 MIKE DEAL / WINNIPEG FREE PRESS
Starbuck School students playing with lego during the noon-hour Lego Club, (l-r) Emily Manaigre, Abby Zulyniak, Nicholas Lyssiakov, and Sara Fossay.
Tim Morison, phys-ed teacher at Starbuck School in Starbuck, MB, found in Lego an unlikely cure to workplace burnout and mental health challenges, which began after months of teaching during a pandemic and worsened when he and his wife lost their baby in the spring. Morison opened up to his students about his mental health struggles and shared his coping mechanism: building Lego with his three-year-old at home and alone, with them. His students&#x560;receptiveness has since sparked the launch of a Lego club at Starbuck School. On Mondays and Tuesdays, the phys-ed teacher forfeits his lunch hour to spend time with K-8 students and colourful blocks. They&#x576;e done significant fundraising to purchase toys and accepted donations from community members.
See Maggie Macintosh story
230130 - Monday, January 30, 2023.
::::::::::
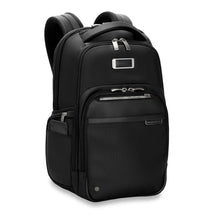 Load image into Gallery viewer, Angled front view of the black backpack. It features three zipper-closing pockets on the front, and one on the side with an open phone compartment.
::::::::::
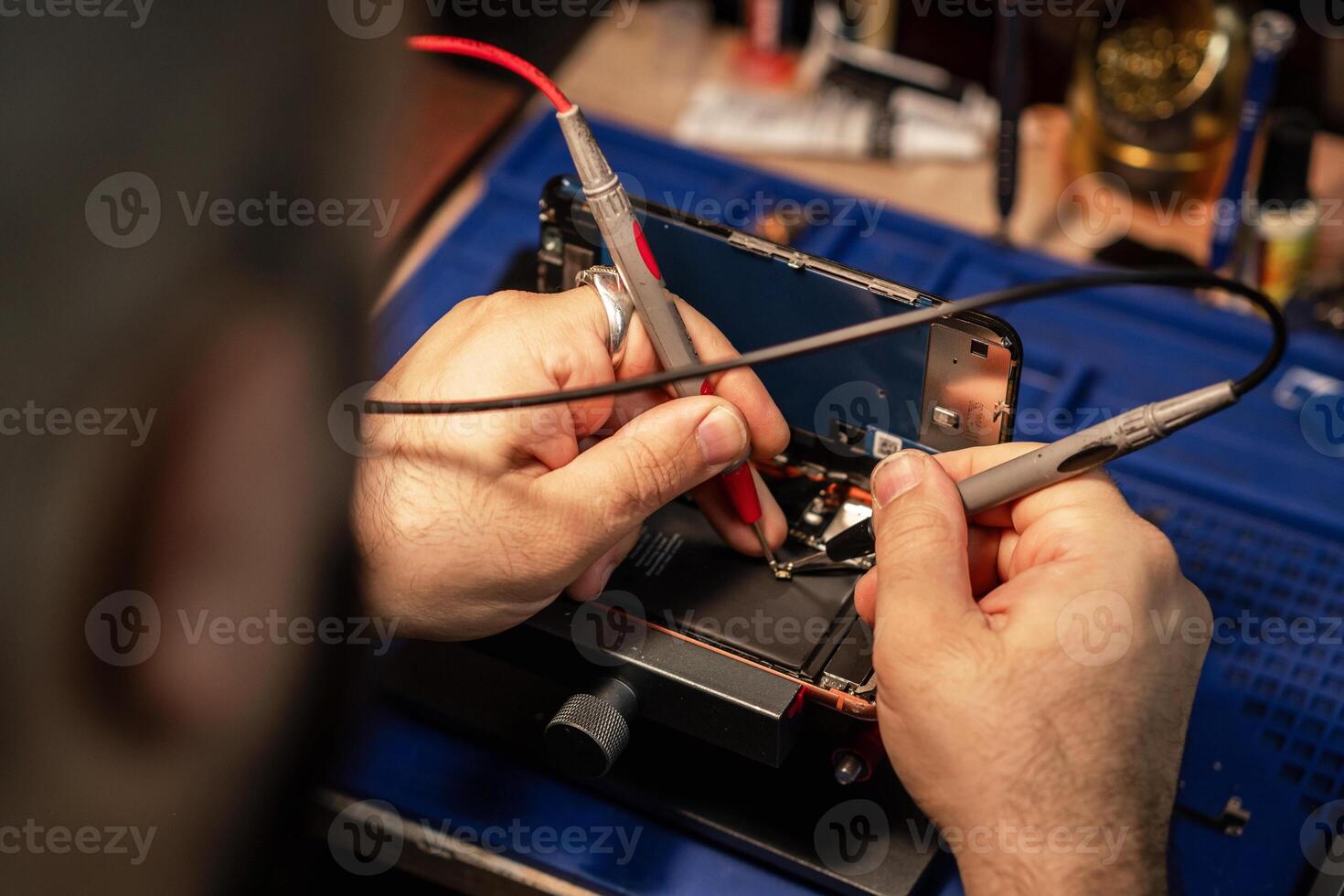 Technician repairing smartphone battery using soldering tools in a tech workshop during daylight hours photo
::::::::::
:: Goal of the exercise ::
Output only an exact transcription of the lines above from the one with "MIKE DEAL / WINNIPEG FREE PRESS" up to and including the one with "230130 - Monday, January 30, 2023.".

:: Exercise response ::
 MIKE DEAL / WINNIPEG FREE PRESS
Starbuck School students playing with lego during the noon-hour Lego Club, (l-r) Emily Manaigre, Abby Zulyniak, Nicholas Lyssiakov, and Sara Fossay.
Tim Morison, phys-ed teacher at Starbuck School in Starbuck, MB, found in Lego an unlikely cure to workplace burnout and mental health challenges, which began after months of teaching during a pandemic and worsened when he and his wife lost their baby in the spring. Morison opened up to his students about his mental health struggles and shared his coping mechanism: building Lego with his three-year-old at home and alone, with them. His students&#x560;receptiveness has since sparked the launch of a Lego club at Starbuck School. On Mondays and Tuesdays, the phys-ed teacher forfeits his lunch hour to spend time with K-8 students and colourful blocks. They&#x576;e done significant fundraising to purchase toys and accepted donations from community members.
See Maggie Macintosh story
230130 - Monday, January 30, 2023.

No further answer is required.